═══ Data to use ═══

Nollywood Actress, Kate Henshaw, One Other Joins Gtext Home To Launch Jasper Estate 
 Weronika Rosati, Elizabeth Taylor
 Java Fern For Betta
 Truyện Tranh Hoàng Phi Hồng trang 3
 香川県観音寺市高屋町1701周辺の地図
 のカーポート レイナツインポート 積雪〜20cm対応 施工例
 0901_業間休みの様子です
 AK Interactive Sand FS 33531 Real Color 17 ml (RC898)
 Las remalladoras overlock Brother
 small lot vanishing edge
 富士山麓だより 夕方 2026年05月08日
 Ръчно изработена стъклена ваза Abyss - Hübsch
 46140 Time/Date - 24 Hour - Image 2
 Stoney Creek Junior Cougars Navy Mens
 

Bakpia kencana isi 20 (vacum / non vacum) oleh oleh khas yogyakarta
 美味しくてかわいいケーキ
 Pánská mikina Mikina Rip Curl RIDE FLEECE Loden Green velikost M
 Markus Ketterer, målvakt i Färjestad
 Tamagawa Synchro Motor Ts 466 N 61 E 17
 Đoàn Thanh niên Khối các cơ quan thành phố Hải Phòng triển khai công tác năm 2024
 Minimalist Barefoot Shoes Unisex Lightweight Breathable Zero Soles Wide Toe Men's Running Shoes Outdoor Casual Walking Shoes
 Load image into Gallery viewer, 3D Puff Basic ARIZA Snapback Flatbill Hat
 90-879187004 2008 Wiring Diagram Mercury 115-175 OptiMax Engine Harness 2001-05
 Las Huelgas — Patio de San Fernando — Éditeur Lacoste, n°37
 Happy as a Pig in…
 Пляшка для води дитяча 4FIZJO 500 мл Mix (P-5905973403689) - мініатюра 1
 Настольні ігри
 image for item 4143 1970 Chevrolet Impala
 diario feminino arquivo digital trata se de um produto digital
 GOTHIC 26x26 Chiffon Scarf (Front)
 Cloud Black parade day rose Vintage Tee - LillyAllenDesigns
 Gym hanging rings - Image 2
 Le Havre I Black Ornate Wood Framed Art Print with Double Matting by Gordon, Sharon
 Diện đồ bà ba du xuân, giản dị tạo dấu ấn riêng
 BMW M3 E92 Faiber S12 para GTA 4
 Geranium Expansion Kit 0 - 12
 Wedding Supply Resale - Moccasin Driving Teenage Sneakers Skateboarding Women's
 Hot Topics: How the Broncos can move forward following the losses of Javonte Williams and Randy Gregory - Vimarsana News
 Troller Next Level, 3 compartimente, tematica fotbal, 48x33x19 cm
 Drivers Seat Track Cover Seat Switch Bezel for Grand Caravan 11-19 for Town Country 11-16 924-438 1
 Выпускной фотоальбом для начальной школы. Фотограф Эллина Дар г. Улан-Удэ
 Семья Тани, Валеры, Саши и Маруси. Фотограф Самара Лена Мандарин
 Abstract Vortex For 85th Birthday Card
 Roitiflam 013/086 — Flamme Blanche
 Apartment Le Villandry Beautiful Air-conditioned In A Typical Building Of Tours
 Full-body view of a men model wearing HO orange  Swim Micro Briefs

═══

[Instructions for the task] Lines containing the word "Фотограф" are to be pulled from the records and copied.

[Task result]
 Выпускной фотоальбом для начальной школы. Фотограф Эллина Дар г. Улан-Удэ
 Семья Тани, Валеры, Саши и Маруси. Фотограф Самара Лена Мандарин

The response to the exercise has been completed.